Symmetry-protected zero-mode laser with a tunable spatial profile

We propose to utilize symmetry-protected zero modes of a photonic lattice to realize a single-mode, fixed-frequency, and spatially tunable laser. These properties are the consequence of the underlying non-Hermitian particle-hole symmetry, with which the energy spectrum satisfies ${\varepsilon }_m=-{\varepsilon }_n^{*}$. Unlike in the Hermitian case, the symmetric phase of particle-hole symmetry is no longer restricted to $\varepsilon =0$ but extends along the imaginary-$\varepsilon$ axis, which is set by the single-cavity frequency and symmetry-protected against position and coupling disorder of the photonic lattice. By selectively pumping different cavities in the photonic lattice, we control the spontaneous symmetry restoration process, which provides a convenient method to tune the spatial profile of the laser without changing its frequency.

Figure 1

(a) Complex energy spectrum (stars) of a one-dimensional (1D) non-Hermitian lattice with chiral symmetry.
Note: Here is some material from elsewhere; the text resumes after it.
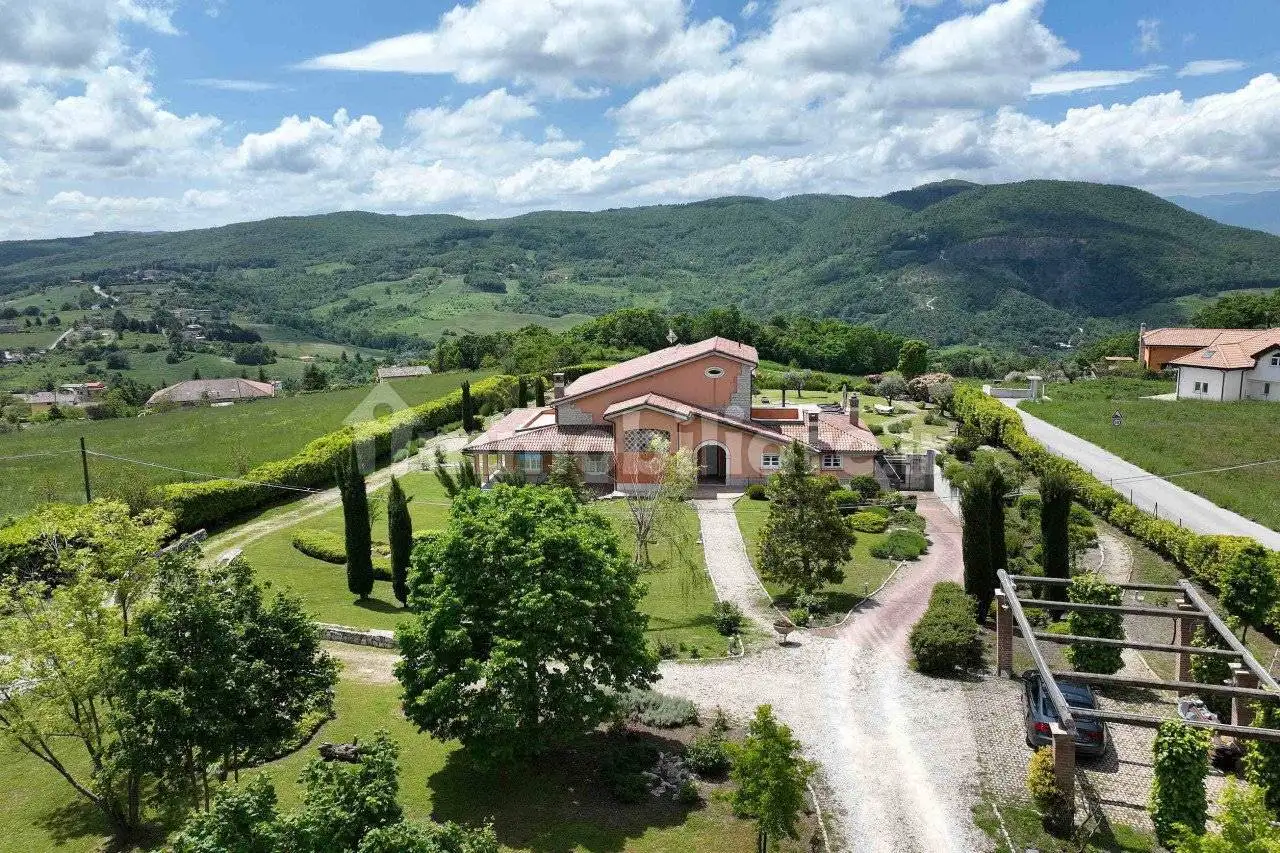 Villa in vendita a Oratino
The effective Hamiltonian $\tilde{H}$ is given by the general expression (1) with the couplings shown in the schematic, where $h=(1+i)g$. Filled and open circles indicate sublattices $A$ and $B$, and the shades on the lattice represent the zero-energy dark state. (b) Trajectories of ${\varepsilon }_n$ (solid lines) as $h$ increases from 0 (squares) to $1.5g$. The lattice and couplings are shown in the schematic.

Figure 2

(a) Complex energy spectrum of a rectangular lattice with non-Hermitian particle-hole symmetry. The system is pumped at the $A$ cavity marked in panel (e) with pump strength ${\gamma }_A=2.0g_x$. The couplings are shown in panel (c) and satisfy $g_y=1.25g_x\in \mathbb{R}$, and the cavity decay rate is given by ${\kappa }_0=0.5g_x$. (b) Same as in panel (a) but with a lower pump strength (${\gamma }_A=1.5g_x$) and no zero modes. (c),(e) Schematics showing the spatial profile and phase distribution of mode 1 in (a). Gaussian packets are used to represent $|{\mathrm{\Psi }}_1{|}^2$ in panel (c). (d), (f) Same as panels (c) and (e) but for mode 4 in panel (a).

Figure 3

Spontaneous restoration of non-Hermitian particle-hole symmetry (b) and the lack of it (a) for modes 1 and 2 in Fig. 2 as the pump strength increases. The laser threshold is reached at ${\gamma }_A={\gamma }_B\approx 1.40g_x$ in panel (a) and ${\gamma }_A\approx 2.02g_x$ in panel (b).

Figure 4

Tunable spatial profile of a zero-mode photonic lattice laser. (a), (c) Spatial profile and phase distribution of mode 5 in Fig. 2 when pumping the $A$ cavity at the upper left corner of the rectangular lattice. (b), (d) The same but when pumping the $A$ cavity marked in panel (d).

Figure 5

Boosted gain of the lasing zero mode (thick black line) after the exceptional point (filled dot). Panels (a) and (b) correspond to the two different pumping configurations in Fig. 4. Thin gray lines show the other 15 supermodes originated from the same single-cavity frequency.

Figure 6

Effect of disorder that break particle-hole symmetry. (a) Histogram of the lasing frequency for 20 000 realizations of ${\omega }_0$ disorder (dark blue bars) and NNN coupling disorder (light blue bars), both with a standard deviation of $g_x/20$ (red solid curve). The pump configuration is the same as in Fig. 5. (b) Same as panel (a) but for the pump configuration in Fig. 5.

Figure 7

(a) Simultaneous restoration of non-Hermitian particle-hole symmetry and breaking of $\mathcal{PT}$ symmetry for modes 5 and 6 in Fig. 2. The pump is applied to the entire sublattice $A$ [filled dots in panel (b)], and the arrows indicate the directions of increasing pump. The spatial profile of mode 5 at the laser threshold (${\gamma }_A\approx 0.55g_x$) is shown in panel (b). (c) $\mathcal{PT}$ symmetry breaking for modes 1, 2, 5, and 6 in Fig. 2 without restoring their particle-hole symmetry. The pump is applied to the eight cavities in the two $2\times 2$ diagonal blocks. The identical spatial profile of modes 1 and 2 at the laser threshold (${\gamma }_A={\gamma }_B\approx 0.59g_x$) is shown in panel (d). (e) Breaking of non-Hermitian particle-hole symmetry for two pairs of modes without restoring their $\mathcal{PT}$ symmetry. The pump profile is the same as in panel (c) and ${\gamma }_A={\gamma }_B\in [6.713.4]g_x$. The identical spatial profile of modes 7 and 8 at the highest pump strength is shown in panel (f).